#### [GOAL OF THE EXERCISE]
Where a picture shows up in the listing below, omit it and output the rest exactly.

#### [DATA SEGMENT]
==================================================
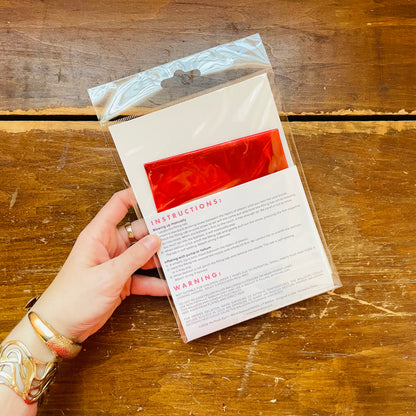 Scalloped Heart Mylar Balloon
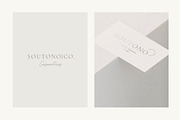Soutono Minimal Logo Kit Ai,Eps,Psd, a Branding & Logo Template by Feel This (Thumbnail 7 of 13)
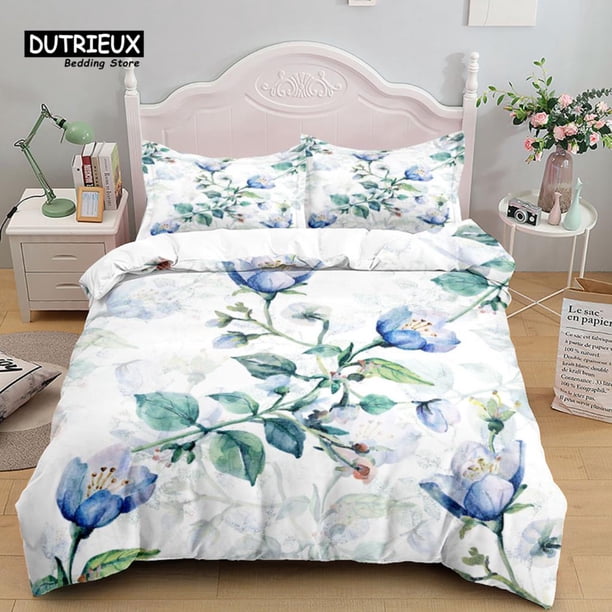 x2172 Bed SheetsSharks Underwater Duvet Cover Set, Fashion Bedding Set, Soft Comfortable Breathable Duvet Cover, For Bedroom Guest Room Decor 3-Piece Bedding Set (1 Duvet Cover + 2 Pillow Shams) nj217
==================================================
#### [SOLUTION TO THE PROBLEM]
 Scalloped Heart Mylar Balloon
Soutono Minimal Logo Kit Ai,Eps,Psd, a Branding & Logo Template by Feel This (Thumbnail 7 of 13)
 x2172 Bed SheetsSharks Underwater Duvet Cover Set, Fashion Bedding Set, Soft Comfortable Breathable Duvet Cover, For Bedroom Guest Room Decor 3-Piece Bedding Set (1 Duvet Cover + 2 Pillow Shams) nj217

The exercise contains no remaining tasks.